Administrator authority in litigation

The Administrator of an estate is proposing to sign a settlement agreement, to settle outstanding litigation, between the estate and its the beneficiaries (being the Administrator and her two daughters) and a third party.

The settlement agreement is drafted to confirm that the agreement is in settlement of all claims and that the Administrator has the authority to sign on behalf of the estate and its beneficiaries.

The concern is whether:

  1. This is sufficient to bind the beneficiaries of the estate - or if the beneficiaries would need to also sign the settlement agreement;

  2. If the Administrator dies or is replaced, this is sufficient to bind a replacement/successor Administrator.
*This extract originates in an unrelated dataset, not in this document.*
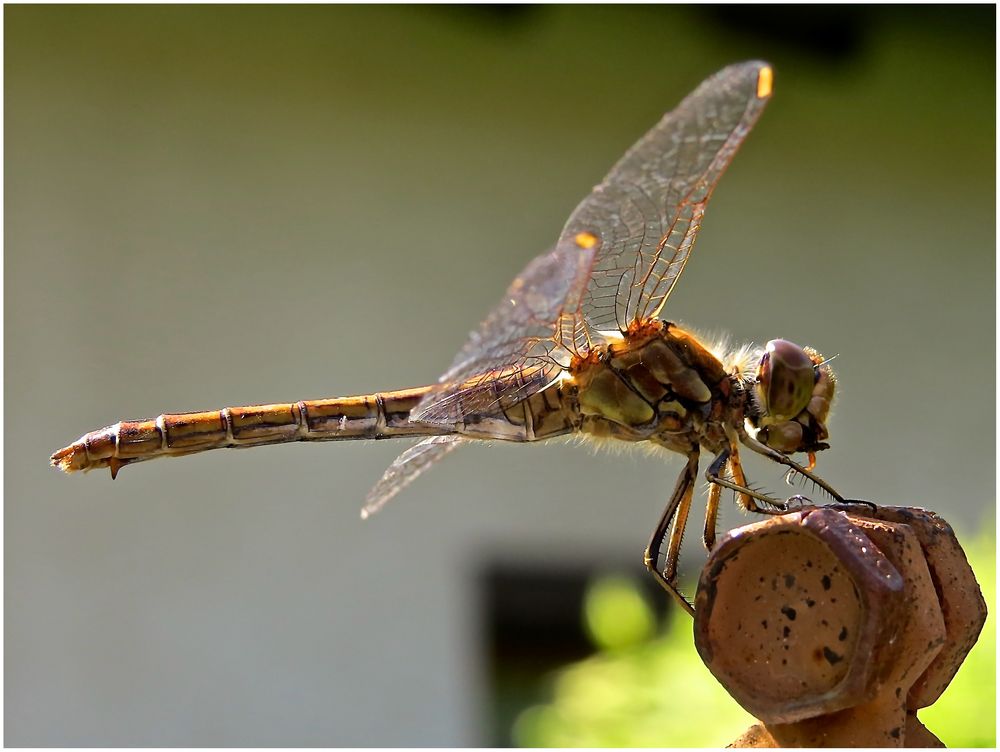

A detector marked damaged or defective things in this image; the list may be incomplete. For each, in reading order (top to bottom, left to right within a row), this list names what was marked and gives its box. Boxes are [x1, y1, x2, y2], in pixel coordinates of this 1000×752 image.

Does the Administrator have the authority to bind the beneficiaries, and to bind any future Administrator of the estate, to the terms of the Settlement Agreement?

Elizabeth Cotton
Capital Law

Whilst an administrator has power to compromise a dispute, I would be reluctant to rely upon it where the dispute involves the beneficiaries.
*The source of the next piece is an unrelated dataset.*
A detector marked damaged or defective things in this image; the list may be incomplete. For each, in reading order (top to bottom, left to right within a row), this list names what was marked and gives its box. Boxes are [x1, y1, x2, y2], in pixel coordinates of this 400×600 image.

I would look to see any settlement agreement executed by all parties. Should any of them subsequently feel that the settlement was not in their best interests their signature, or that of their legal advisers, on the settlement agreement should be a significant protection for the administrator and their successors (provided that the settlement was reached in good faith and is not compromised by the party in question having been deliberately mislead).